São Paulo, domingo, 11 de maio de 2008

Texto Anterior | Índice

Marcelo Leite

Poluição "do bem"


Tudo em matéria de clima é mais complicado do que parece

No Brasil, não falta quem defenda o direito de desmatar e expulsar índios de suas terras em nome da soberania e do desenvolvimento. No governo federal, muitos fazem coro envergonhado com essa gente, dizendo não aceitar palpite de quem já devastou as próprias florestas. Deveriam se juntar num movimento revanchista para exigir que europeus e americanos parem de combater a poluição, porque isso pode destruir a "nossa" Amazônia.
Seria uma conclusão ética e ecologicamente débil (mais uma), mas não de todo ilógica, de estudo publicado quinta-feira no periódico "Nature".
Foi notícia por toda parte: a seca de 2005 na Amazônia ocidental teve como causa mais provável um aumento da diferença de temperatura em setores do oceano Atlântico acima e abaixo da linha do Equador. Esse padrão anormal teria desviado chuvas da floresta, anomalia que pode se tornar ainda mais freqüente ao longo deste século. É o que dizem simulações de computador do Centro Hadley de estudos meteorológicos. O artigo veio assinado por sete estudiosos do Reino Unido e dois do Brasil (José Marengo e Carlos Nobre).
O paradoxo do estudo está na origem do aquecimento anormal do Atlântico do lado de lá do Equador: diminuição da poluição no hemisfério Norte. Como assim? Todo mundo sabe que a poluição atmosférica -gases emitidos na queima de combustíveis fósseis como petróleo e carvão- causa aquecimento, não resfriamento, e que ela está aumentando, não caindo.
Como tudo em matéria de mudanças climáticas, é sempre mais complicado do que parece. Para começo de conversa, há poluição e poluição. Queimar combustíveis fósseis produz, entre várias coisas, partículas de enxofre que refletem luz solar. Chamadas de aerossóis, fazem "sombra" sobre a superfície do globo, diminuindo a energia disponível para esquentá-la.
Em tempo de efeito estufa, essa poluição "do bem" representa um desconto de cerca de 30% no aquecimento global (em lugar de 2,3 watts por metro quadrado, energia bastante para acender uma lanterna, sobra para aquecer a atmosfera 1,6 watt por metro quadrado). É o que os especialistas chamam de "feedback negativo", pois contrabalança a tendência geral. Ocorre que o enxofre é também um poluente sério, fonte da chuva ácida.
Países industrializados lutam para diminuir sua emissão e com isso evitar a destruição das poucas florestas remanescentes no hemisfério Norte. Só os Estados Unidos, em duas décadas, reduziram em 40% o enxofre. Com cada vez menos "sombra", o Atlântico Norte fica mais exposto ao aquecimento global. As águas esquentam e alteram os padrões de circulação na vizinhança do Equador. Chove menos na Amazônia, os rios secam. O que era para ser uma poluição "do bem" pode resultar numa catástrofe.
Esse estudo na "Nature" deve servir de chamado à razão para quem defende megaprojetos de geoengenharia, como lançar enormes quantidades de enxofre na atmosfera para combater o aquecimento global. Apesar de contar com defensores respeitáveis, como o Nobel Paul Crutzen, seria uma temeridade extrapolar em escala planetária a húbris tecnocientífica e sua obsessão com o controle da natureza.
A maior fonte mundial de gases do efeito estufa e de aerossóis, hoje, é a China, que inaugura a cada semana uma termelétrica a carvão com altos teores de enxofre. Se conseguir diminuir a emissão de aerossóis, contribuirá de modo ainda mais explosivo para o aquecimento global. Se correr, o dragão pega...

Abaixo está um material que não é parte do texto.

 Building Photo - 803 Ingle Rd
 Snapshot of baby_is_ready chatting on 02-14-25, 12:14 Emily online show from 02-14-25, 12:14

MARCELO LEITE é autor de "Promessas do Genoma" (Editora da Unesp, 2007) e de "Brasil, Paisagens Naturais - Espaço, Sociedade e Biodiversidade nos Grandes Biomas Brasileiros" (Editora Ática, 2007). Blog: Ciência em Dia ( cienciaemdia.folha.blog.uol.com.br). E-mail: cienciaemdia.folha@uol.com.br


Texto Anterior: Marcelo Gleiser: Inteligência seletiva
Índice


Copyright Empresa Folha da Manhã S/A. Todos os direitos reservados. É proibida a reprodução do conteúdo desta página em qualquer meio de comunicação, eletrônico ou impresso, sem autorização escrita da Folhapress.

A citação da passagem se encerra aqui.